Among other reported molecules, amylin is the one that responds the most to isolation and reunion, and itself facilitates contact-seeking behaviors. With all these results, we became confident that amylin is the major player in the brain that is needed for sensing and seeking social contacts.

Kumi Kuroda

This observation prompted a new investigation of female mice’s behavioral and neurological responses to social isolation and reunion. The researchers discovered that six days of isolation resulted in the almost full loss of amylin, which restored to normal two weeks after the mice were reunited with their cagemates.

This remained true even when the mice were separated from their cage mates by a windowed partition within the same cage, implying that female mice required free physical contact with other mice in order to sustain amylin expression in the cMPOA.

The researchers then carefully ruled out the idea that other factors such as boredom, general stress, physical contact with humans, or defensive engagement with other mice were regulating amylin levels. They also discovered that when amylin-expressing neurons in the cMPOA are isolated, they become deactivated, and when they are reunited, they become activated.

When female mice were separated from their cagemates by a windowed divider, they bit the divider’s bars with vigour. The mice only bit when other mice were across the divider, making it appear as if they were attempting to shatter the window and reconnect with the other mice.

Chemogenetics, a biotechnology that permits artificial control of neural activity, was used to boost this contact-seeking behavior by targeting activating amylin-expressing neurons. Contact-seeking behavior, on the other hand, was reduced once amylin was knocked out of the cMPOA.

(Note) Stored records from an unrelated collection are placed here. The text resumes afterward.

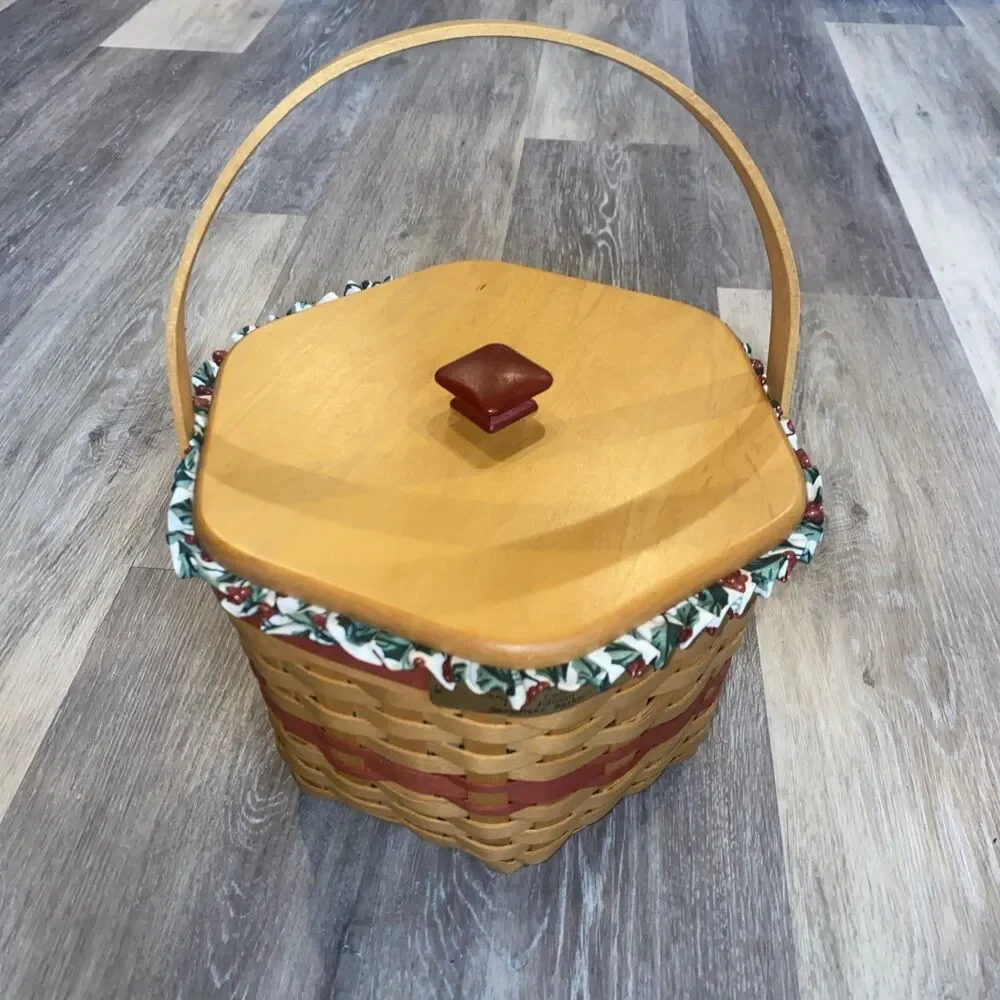 Longaberger ® Christmas Collection™ 1997 Edition Snow flake Basket™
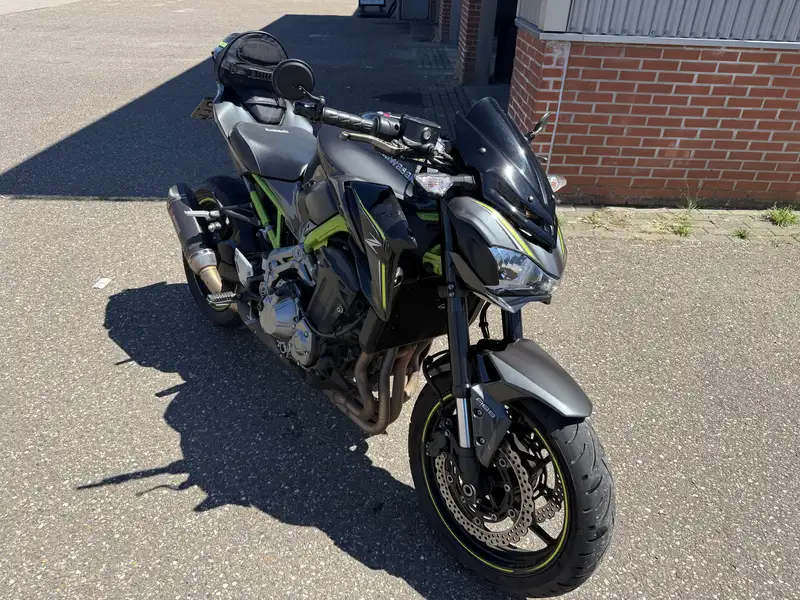 Kawasaki Z900 - foto 4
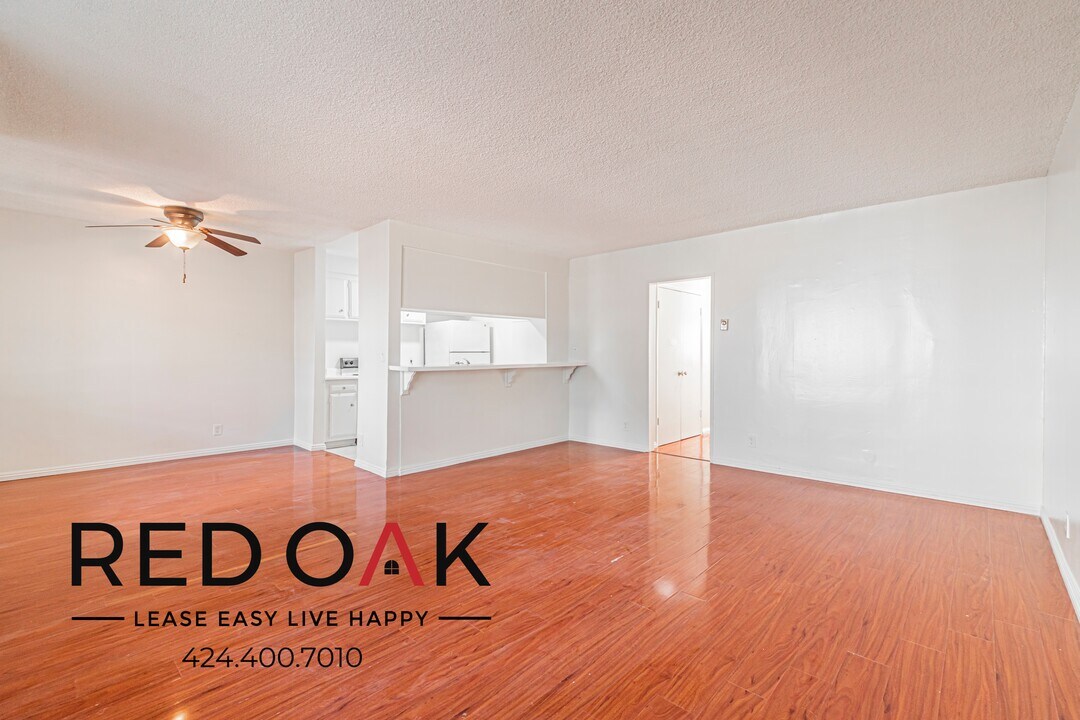 10535 Lindley Ave in Los Angeles, CA - Building Photo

“Among other reported molecules, amylin is the one that responds the most to isolation and reunion, and itself facilitates contact-seeking behaviors,” says Kuroda. “With all these results, we became confident that amylin is the major player in the brain that is needed for sensing and seeking social contacts.”

Scientists have speculated since Darwin’s time that social affiliation among adults developed from parental care. This research gives molecular data to back up this claim.

“Both parental care and female-female social contact depend on amylin and augment its expression,” says Kuroda. “This synergy might facilitate cooperative parenting, in which multiple females care for young together, as is observed in mice and humans.”